Además, hay que tener en cuenta
que, así como el Diablo a quien no lo puede hacer malo lo hace tonto,
análogamente, el progresismo al que no lo puede hacer apostatar de la fe busca
hacerlo por lo menos reaccionario, apartándolo de esa manera de la gran
corriente de vida, comunión y participación de la Iglesia Católica, logrando
dejarlo sólo en una confortable y aparentemente incontaminable campana de
cristal, que termina por convertirse muchas veces en un oscuro callejón sin
salida, dejándolo fuera del fragor del combate. El progresismo nunca debe ser causa
de nuestro obrar, solamente puede ser ocasión; si no hiciésemos así, le
estaríamos dando categoría de eficiencia y, como el mal, es tan sólo una
deficiencia.
Sé en carne propia lo difícil
que es mantener el espíritu católico, esto es universal, cuando uno es atacado
incesantemente en la fe. En esos momentos la tentación es replegarse sobre uno
mismo y ni siquiera usar las palabras –que son nuestras, pero que los
progresistas tanto manosean–, v.g., los pobres; pero sería un error muy grave
encerrarse en un espíritu de capilla, sólo preocupado por los intereses de
campanario, que terminan finalmente siguiendo «magisterios paralelos,
eclesialmente inaceptables y pastoralmente estériles» (Juan Pablo II en
Puebla), aislándose del Pueblo de Dios y de sus legítimos Pastores. ¿O acaso S.
Vicente de Paúl, S. Isabel de Hungría, S. José Benito Cottolengo, Don Orione y
tantos otros –ninguno de ellos progresista– no se ocuparon de verdad y sin
demagogia de los pobres viendo en ellos al mismo Cristo?
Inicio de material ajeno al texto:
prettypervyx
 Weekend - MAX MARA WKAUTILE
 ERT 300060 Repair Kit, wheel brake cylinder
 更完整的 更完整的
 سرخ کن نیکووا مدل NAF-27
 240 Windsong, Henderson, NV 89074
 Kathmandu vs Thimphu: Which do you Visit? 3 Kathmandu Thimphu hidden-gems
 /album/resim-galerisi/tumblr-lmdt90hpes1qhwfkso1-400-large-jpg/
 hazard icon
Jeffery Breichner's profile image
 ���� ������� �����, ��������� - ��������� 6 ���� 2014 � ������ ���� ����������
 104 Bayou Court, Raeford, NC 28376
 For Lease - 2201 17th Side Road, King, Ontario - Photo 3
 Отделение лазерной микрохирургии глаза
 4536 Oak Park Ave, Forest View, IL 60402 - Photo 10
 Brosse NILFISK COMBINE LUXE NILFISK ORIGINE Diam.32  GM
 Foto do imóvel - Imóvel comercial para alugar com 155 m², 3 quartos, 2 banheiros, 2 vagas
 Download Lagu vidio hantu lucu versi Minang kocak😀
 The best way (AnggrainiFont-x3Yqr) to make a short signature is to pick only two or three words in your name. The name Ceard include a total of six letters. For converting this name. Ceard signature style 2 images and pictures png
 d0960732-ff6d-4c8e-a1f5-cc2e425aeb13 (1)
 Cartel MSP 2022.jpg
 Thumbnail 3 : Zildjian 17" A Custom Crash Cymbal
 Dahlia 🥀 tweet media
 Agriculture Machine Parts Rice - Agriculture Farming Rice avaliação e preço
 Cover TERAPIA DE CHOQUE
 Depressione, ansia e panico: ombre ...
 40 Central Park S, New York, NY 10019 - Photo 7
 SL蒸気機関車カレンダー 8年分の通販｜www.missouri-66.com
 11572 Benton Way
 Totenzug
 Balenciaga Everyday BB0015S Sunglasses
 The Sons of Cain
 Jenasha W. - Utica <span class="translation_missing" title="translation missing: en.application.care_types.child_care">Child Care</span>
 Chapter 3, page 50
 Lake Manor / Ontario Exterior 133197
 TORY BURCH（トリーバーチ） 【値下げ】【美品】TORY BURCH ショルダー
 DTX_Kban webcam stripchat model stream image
Tenemos que defender nuestra fe
católica y traducirla en obras: «Hoy de la fe sólo conservamos lo que
defendemos» (cardenal Luciani). Debemos defender la fe católica que quiere
volcarse sobre la realidad pública y social, imantando todo para Cristo Rey. No
trabajar explícitamente para que Cristo reine sobre nuestros pueblos, implica
una cierta apostasía en la fe.
Adhirámonos con todas las
fuerzas de nuestra alma y de nuestro corazón a Jesucristo nuestro Señor, «Rey
de Reyes y Señor de los Señores» (Apoc. 19,16), porque como afirma Santo Tomás
de Aquino: «Él mismo es todo el bien de la Iglesia y no hay otro mayor que Él,
y ni todos juntos más que Él solo» (Supp. q.95, a 3, ad 4), dispuestos a dar la
vida para que Él reine, porque es el Único que tiene «palabras de vida eterna»
(Jn. 6, 68).
* En «Revista Verbo (Argentina)», n°191,
año XXI, abril 1979, p. 14-22; y reproducido en «El Arte del Padre», de Carlos
Miguel Buela, Ed. IVE Press, New York – 2015 – pp. 697-709.